**REQUIRED WORK:**
All the data that follows should be repeated exactly, without a single picture.

**DATA EXCERPT:**
——
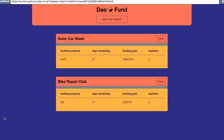Then you'll see the state update. There it is — a 2% funding progress. You'll see the number of backers increased. And anyone else also looking at this dApp at the same time will see it live update, because the dApp is able to subscribe to the state of the blockchain through the standard Web3 library.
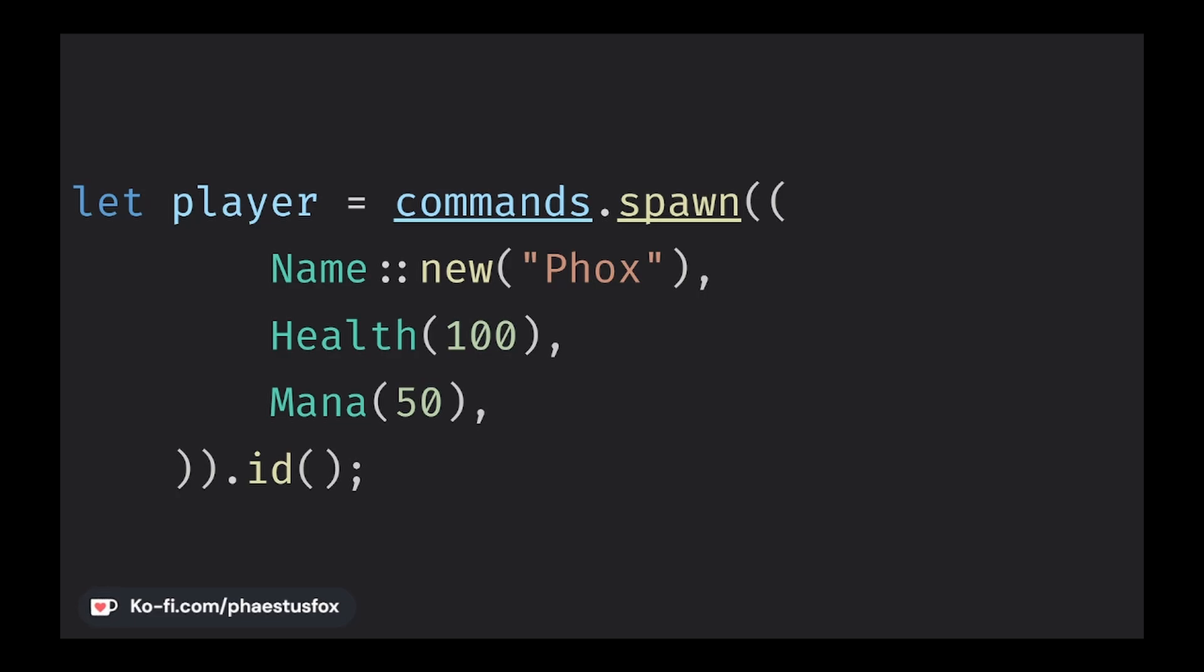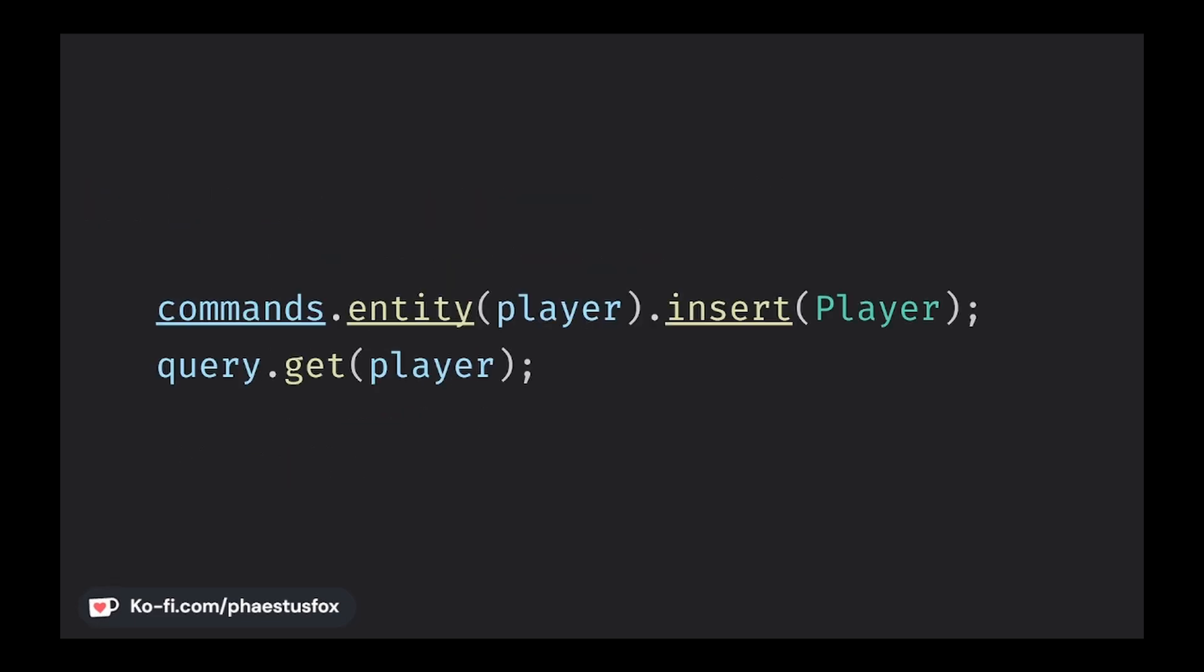Once we have an entity it can easily be copied and stored wherever we need it to be able to access the components it is associated with later on in our game. We can use our entity with the commands to add or remove components later, or we can use it with a query in order to access the specific underlying data inside the component. But this will be covered in their own video as they're their own entire topic. So don't forget to subscribe so that you don't miss those.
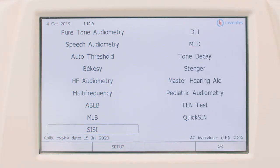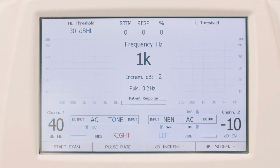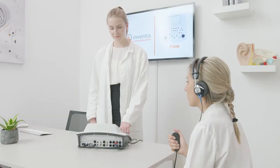The short increment sensitivity index test, also known as SI-SI, assesses the ability to identify brief variations of intensity within a continuous pure tone. To perform the SI-SI test, the operator must first bring up the relative window from the main menu. The test is an automatic procedure and is conducted by presenting a tone at different frequencies with an intensity 20 decibels above the hearing threshold.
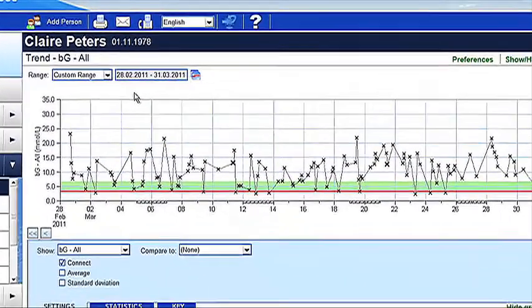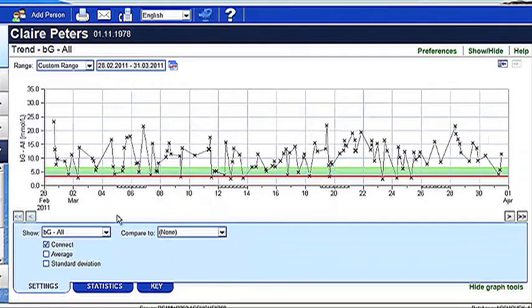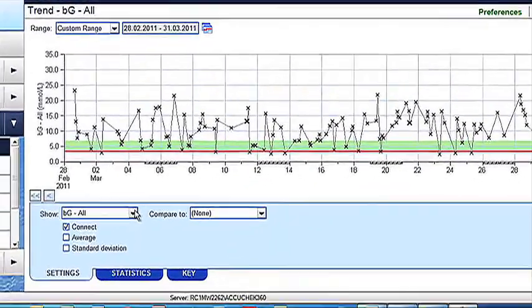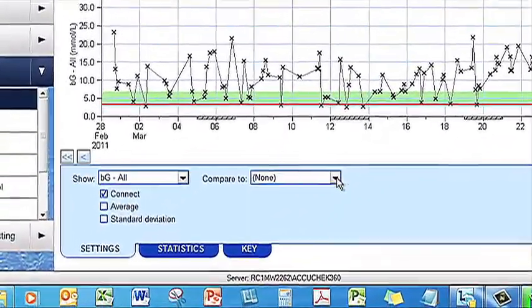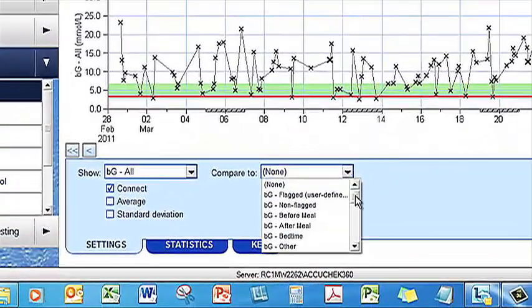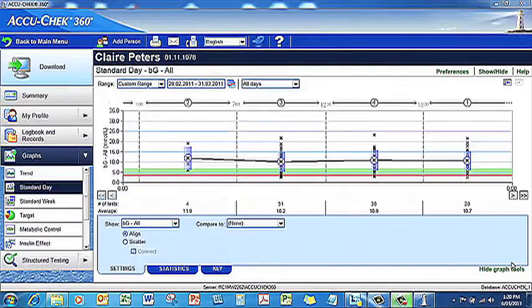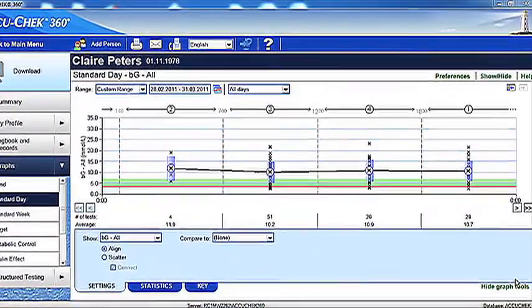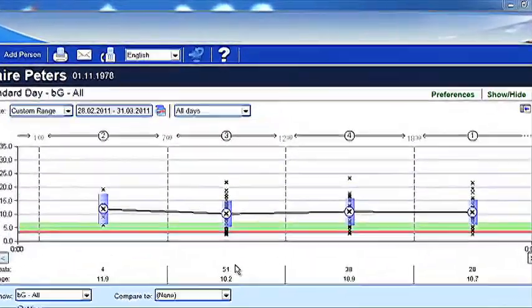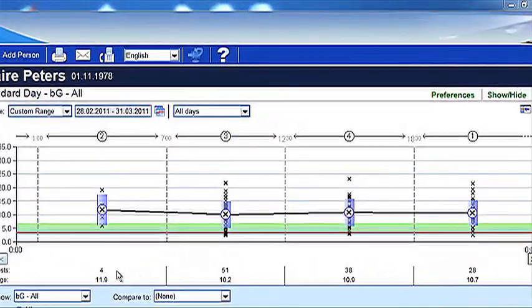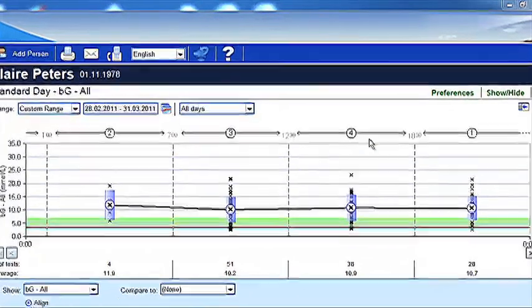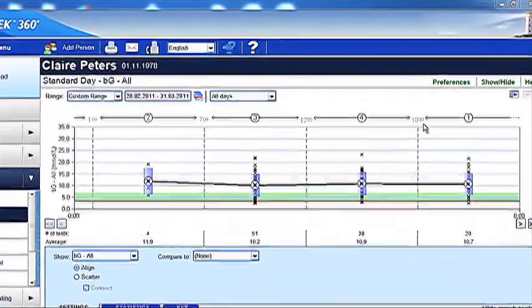You can also compare your blood glucose readings to other parameters such as insulin and carbohydrate intake. In the standard day graph, you can view your blood glucose trends over a 24-hour period, with your data being displayed based on your time blocks.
——
**YOUR SOLUTION:**
Then you'll see the state update. There it is — a 2% funding progress. You'll see the number of backers increased. And anyone else also looking at this dApp at the same time will see it live update, because the dApp is able to subscribe to the state of the blockchain through the standard Web3 library.
Once we have an entity it can easily be copied and stored wherever we need it to be able to access the components it is associated with later on in our game. We can use our entity with the commands to add or remove components later, or we can use it with a query in order to access the specific underlying data inside the component. But this will be covered in their own video as they're their own entire topic. So don't forget to subscribe so that you don't miss those.
The short increment sensitivity index test, also known as SI-SI, assesses the ability to identify brief variations of intensity within a continuous pure tone. To perform the SI-SI test, the operator must first bring up the relative window from the main menu. The test is an automatic procedure and is conducted by presenting a tone at different frequencies with an intensity 20 decibels above the hearing threshold.
You can also compare your blood glucose readings to other parameters such as insulin and carbohydrate intake. In the standard day graph, you can view your blood glucose trends over a 24-hour period, with your data being displayed based on your time blocks.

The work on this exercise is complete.